Your goal: Reproduce from the records below, with no pictures, exactly the lines between the one containing "CT pulmonary Angiography" and the one containing "Belotero before and after photo", inclusive.

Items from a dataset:
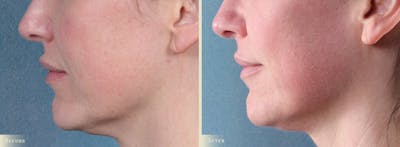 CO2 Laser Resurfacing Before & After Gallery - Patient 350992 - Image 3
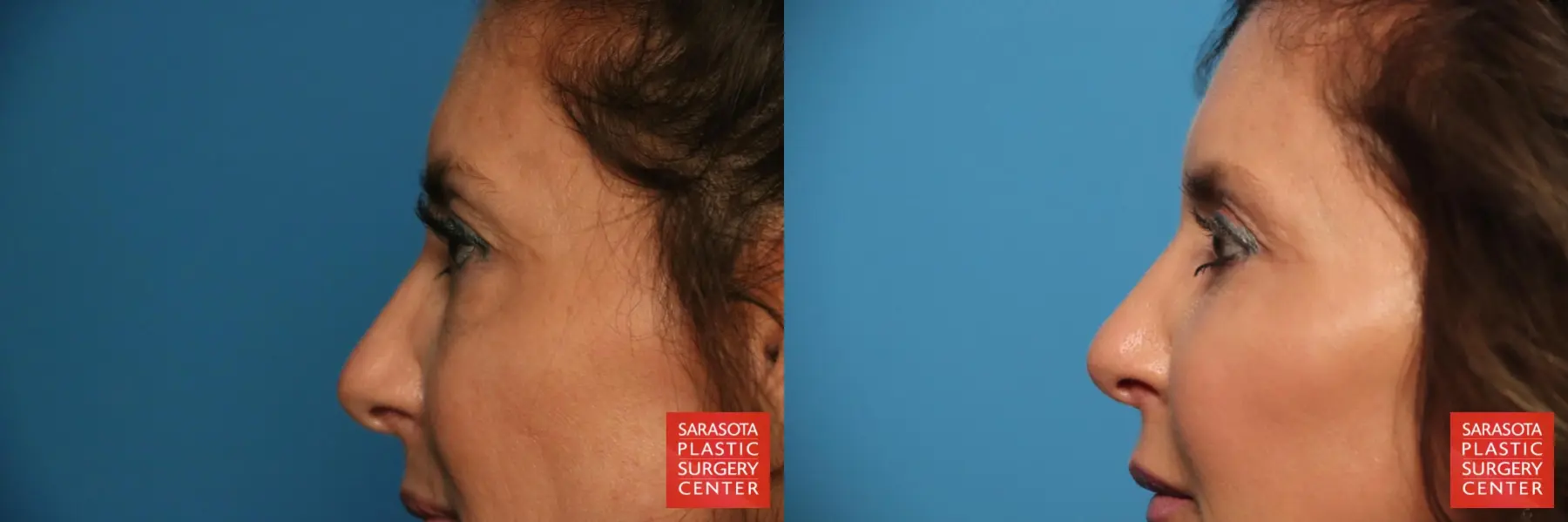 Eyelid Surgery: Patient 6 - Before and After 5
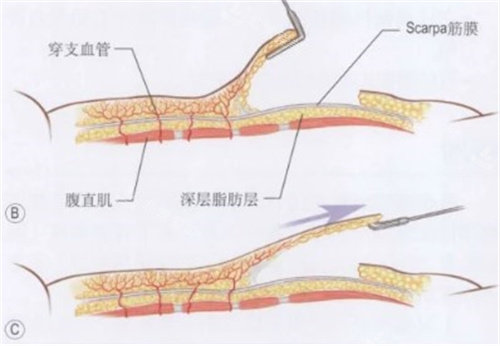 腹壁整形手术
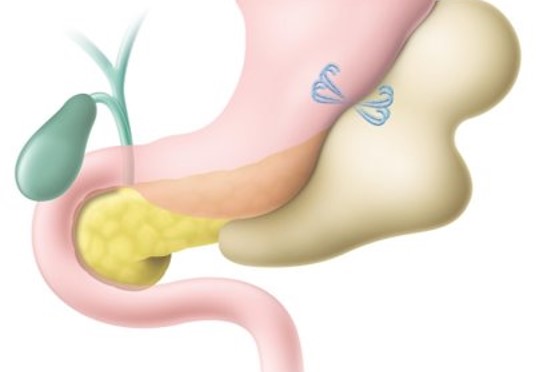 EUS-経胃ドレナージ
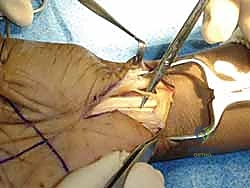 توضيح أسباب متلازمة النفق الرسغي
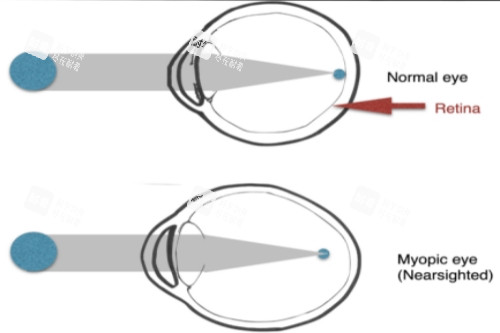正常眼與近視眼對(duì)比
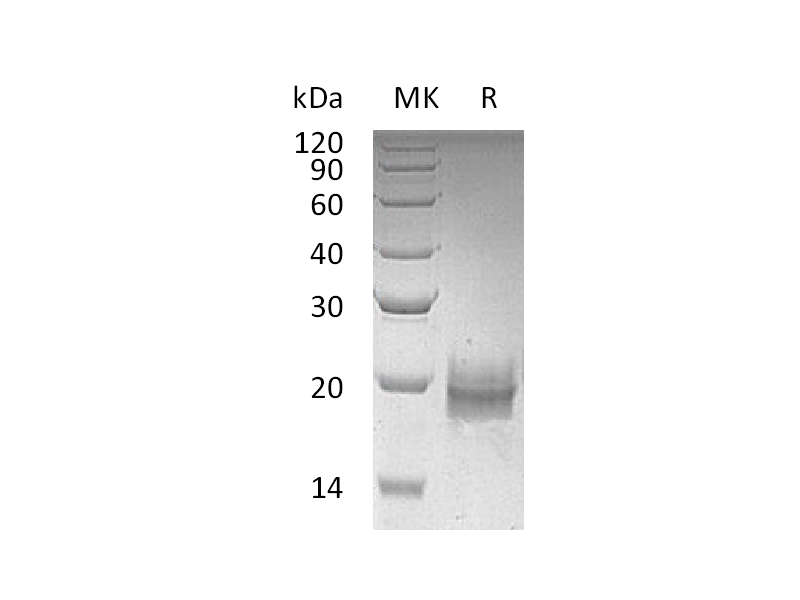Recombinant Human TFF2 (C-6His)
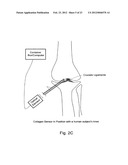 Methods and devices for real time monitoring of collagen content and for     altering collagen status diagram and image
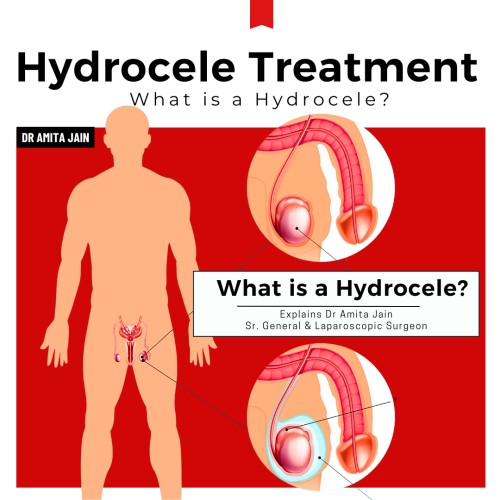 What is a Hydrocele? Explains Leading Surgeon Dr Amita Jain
...
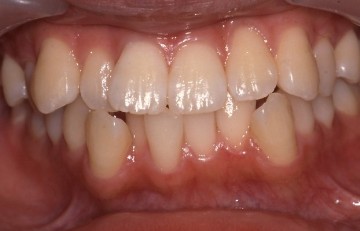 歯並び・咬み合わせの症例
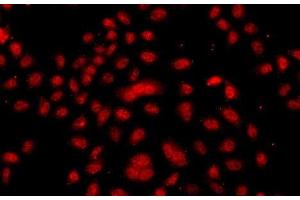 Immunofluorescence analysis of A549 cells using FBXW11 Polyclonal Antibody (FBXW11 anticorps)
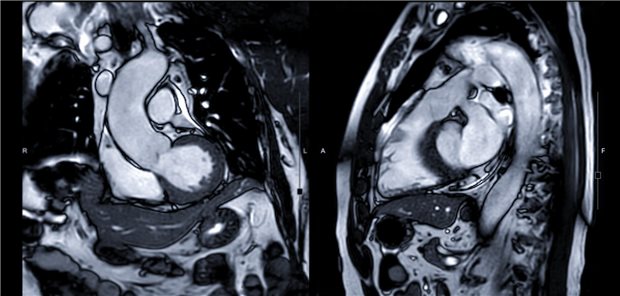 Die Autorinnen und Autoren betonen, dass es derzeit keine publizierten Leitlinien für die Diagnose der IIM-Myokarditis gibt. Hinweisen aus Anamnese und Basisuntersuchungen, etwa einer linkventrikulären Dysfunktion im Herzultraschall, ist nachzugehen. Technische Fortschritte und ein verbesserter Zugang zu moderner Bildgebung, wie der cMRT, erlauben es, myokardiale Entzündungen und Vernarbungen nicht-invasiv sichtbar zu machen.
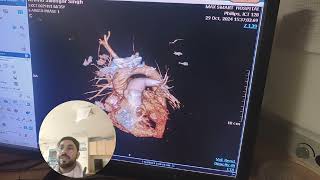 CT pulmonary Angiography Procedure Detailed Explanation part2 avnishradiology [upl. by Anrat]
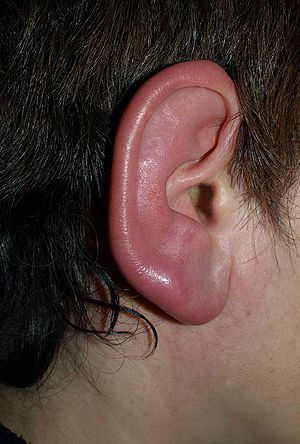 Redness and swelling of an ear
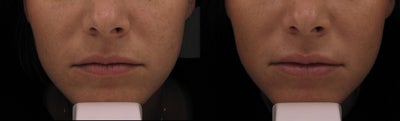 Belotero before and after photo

Solution for this exercise:
 CT pulmonary Angiography Procedure Detailed Explanation part2 avnishradiology [upl. by Anrat]
 Redness and swelling of an ear
 Belotero before and after photo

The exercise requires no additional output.